No pictures go into the copy. Write out exactly the lines below from the one containing "Fly away Butterfly: by" through the one containing "上海2020年社保個(gè)人最低交多少錢（上海2020".
Data: Begin
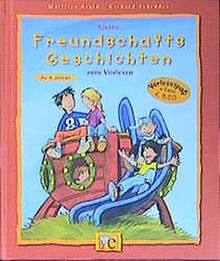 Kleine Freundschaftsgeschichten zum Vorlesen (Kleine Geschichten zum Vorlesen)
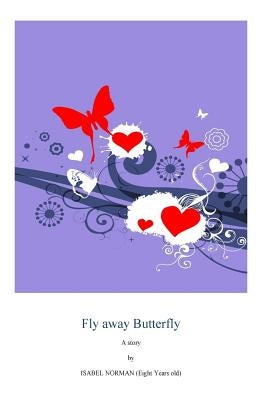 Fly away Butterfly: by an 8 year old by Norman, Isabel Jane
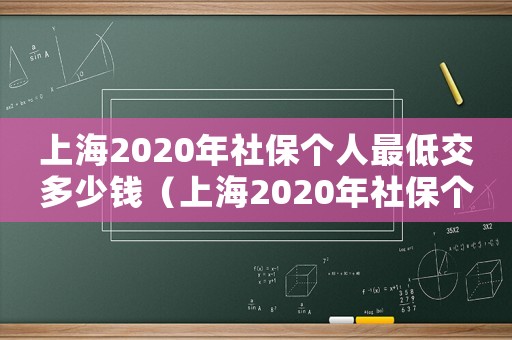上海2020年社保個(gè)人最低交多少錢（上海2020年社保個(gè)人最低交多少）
Data: End
Data: Begin
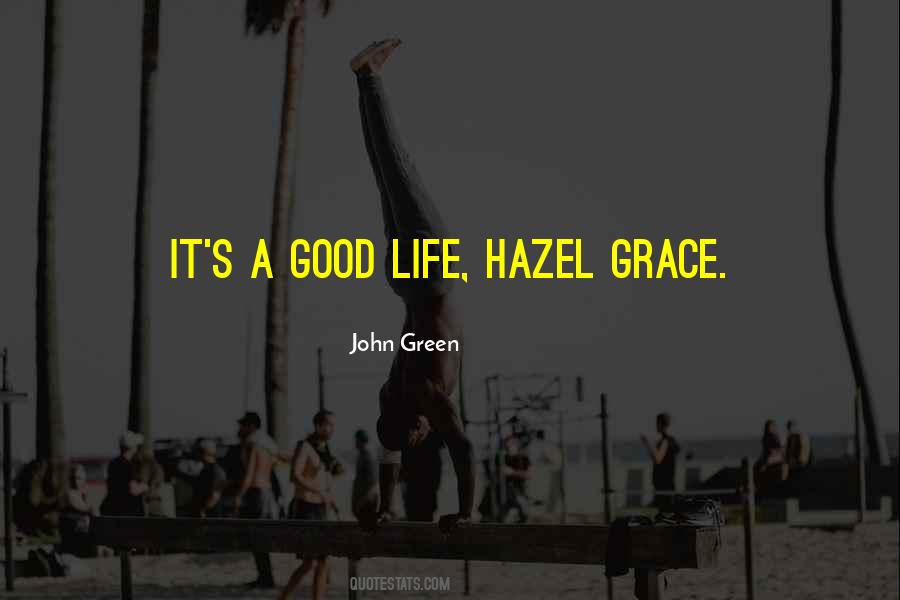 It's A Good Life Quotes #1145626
Data: End
### Result for this task
 Fly away Butterfly: by an 8 year old by Norman, Isabel Jane
上海2020年社保個(gè)人最低交多少錢（上海2020年社保個(gè)人最低交多少）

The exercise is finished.